-alerte par avance le message un peu long-

Et oui, déjà ! Je pense à Noël, notamment en voyant les catalogues arriver dans la boîte (c'est moi ou ils arrivent de plus en plus tôt ?) mais surtout parce que j'ai fait des choix différents depuis un certain temps à propos des cadeaux... et que le fait main demande du temps. Le tout m'a remis en mémoire ce qui va suivre.

Il y a quelques années, dans une autre vie, sur un autre blog, j'écrivais ceci :

"C'est l'histoire d'une fillette.

Une fillette passionnée par les chevaux et tout ce qui y a trait.

Une fillette de son temps, de son époque, où le paraître et l'avoir ont souvent plus de poids que l'être et le partage. Une époque de consommation, de mode et de jetable...

C'est l'histoire d'une fillette de 8 ans donc, qui a entendu les copines parler de cette nouvelle collection avec des poneys "trop mignons", et qui a beaucoup insisté pour l'acquérir elle aussi.
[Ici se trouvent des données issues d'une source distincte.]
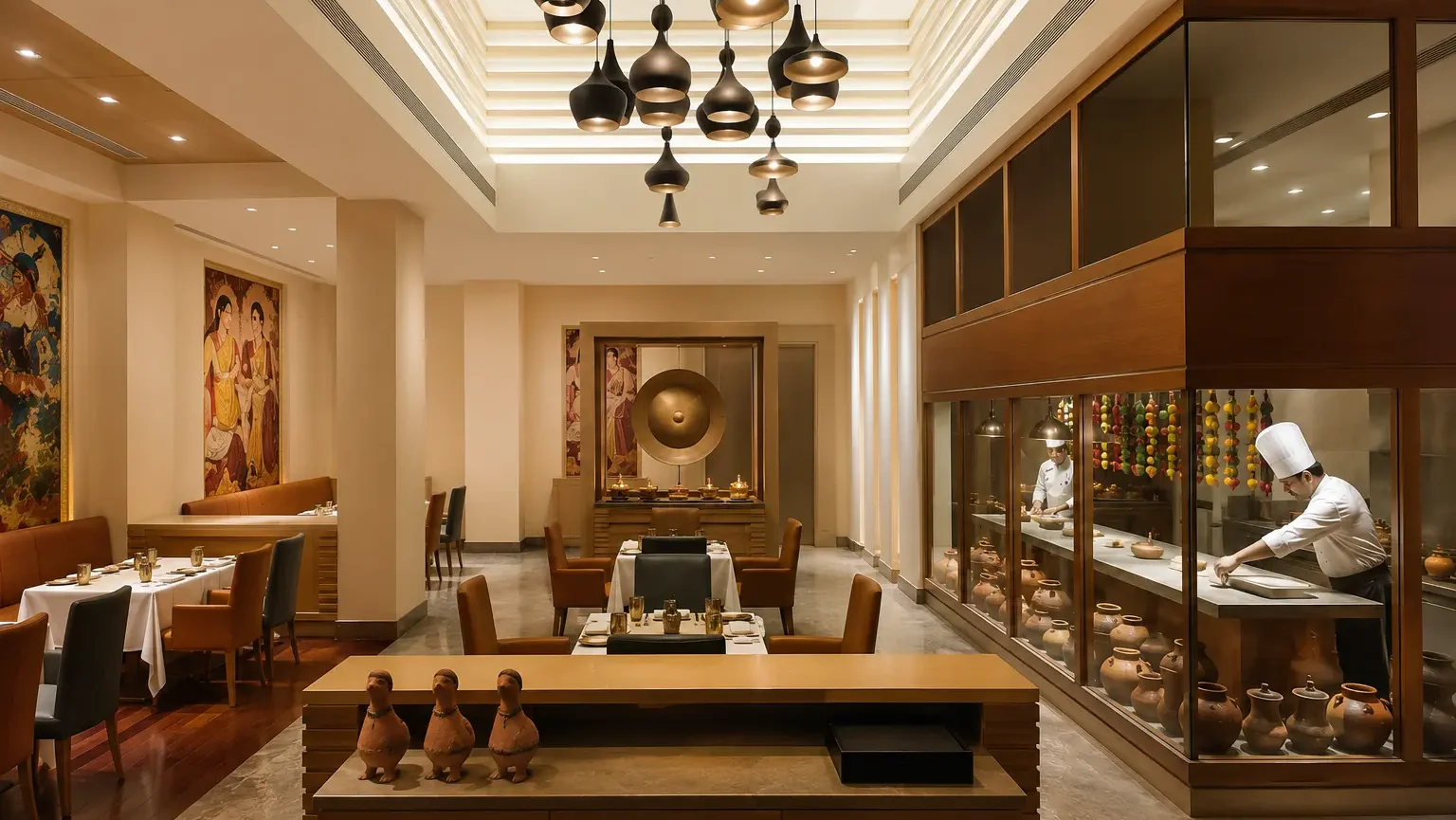 A luxury fine dining Indian restaurant with clay pots displayed behind glass and chefs cooking at DoubleTree by Hilton Agra.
Sa maman est réticente : elle a ressenti confusément -mais tardivement- le poids et les effets néfastes de cet engrenage du "consommable". Elle essaie doucement de modifier ses choix pour elle, pour sa famille. Mais il est difficile d'expliquer parfois à une fillette de 8 ans...

La maman a donc cédé, erreur, et acquis le fameux objet désiré. Au premier achat, le poney est "trop beau", la fillette est ravie, très enthousiaste et la maman heureuse d'avoir fait plaisir avec ce petit rien. Au second, drame : frétillante déjà, la fillette est habillée très vite, attendant la traditionnelle "balade" du dimanche matin vers l'épicerie du village. Une seule idée en tête : offrir à son petit cheval un compagnon (parce qu'en plus, dans la description du caractère du personnage, bien entendu il lui FAUT un ami... sans commentaires !). Mais dans les pochettes toutes neuves, les nouvelles pièces convoitées ne sont pas là... en lieu et place, le même poney que la première fois en deux exemplaires.

La fillette crie, la déception roule, palpable, sur ses joues... et la maman en colère (contre elle même) jure mais un peu tard -à l'instar du corbeau de la fable- qu'on ne l'y prendra plus. La maman a simplement voulu faire plaisir à la fillette, en oubliant sa méfiance et ses principes.

La mésaventure laisse un goût amer... Servira-t-elle de leçon ? En tout cas, elle rappelle que "parfois on regarde les choses telles qu'elles sont en se demandant pourquoi, parfois on les regarde telles qu'elles pourraient être en se disant pourquoi pas" (Merci Vanessa Paradis et Louise Attaque : se pourrait être la devise de cet automne !!!)

Et, en ce moment particulièrement, de préparatifs (déjà !) de fêtes et donc de matraquage publicitaire, oui, j'ai envie de regarder les choses telles qu'elles pourraient être en me disant pourquoi pas... Pourquoi pas un monde moins matérialiste, moins consommateur, moins superficiel, moins injuste, plus simple, plus vrai... un monde qui épargnerait à nos enfants les sirènes, les tentations et les illusions de la possession exponentielle et de la mode qui se renouvelle de plus en plus vite...

En attendant ce monde, mes choix pour les mois à venir (rythmés chez nous par les anniversaires, en plus de Noël) n'en sont que renforcés. Reste à les expliquer et les faire respecter (ce qui n'est sans doute pas le plus facile !)."

Maintenant la fillette a 16 ans et sa soeurette 10... et quand je vois cette affiche sur la porte des WC (merci Astrapi !) :

 

affiche noel

 

Je me dis que oui... on peut regarder les choses telles qu'elles pourraient être et se dire pourquoi pas...

Parce que le monde de demain est celui que nous permettons à nos enfants de construire, et que nous avons un rôle dans la façon dont ils le voient.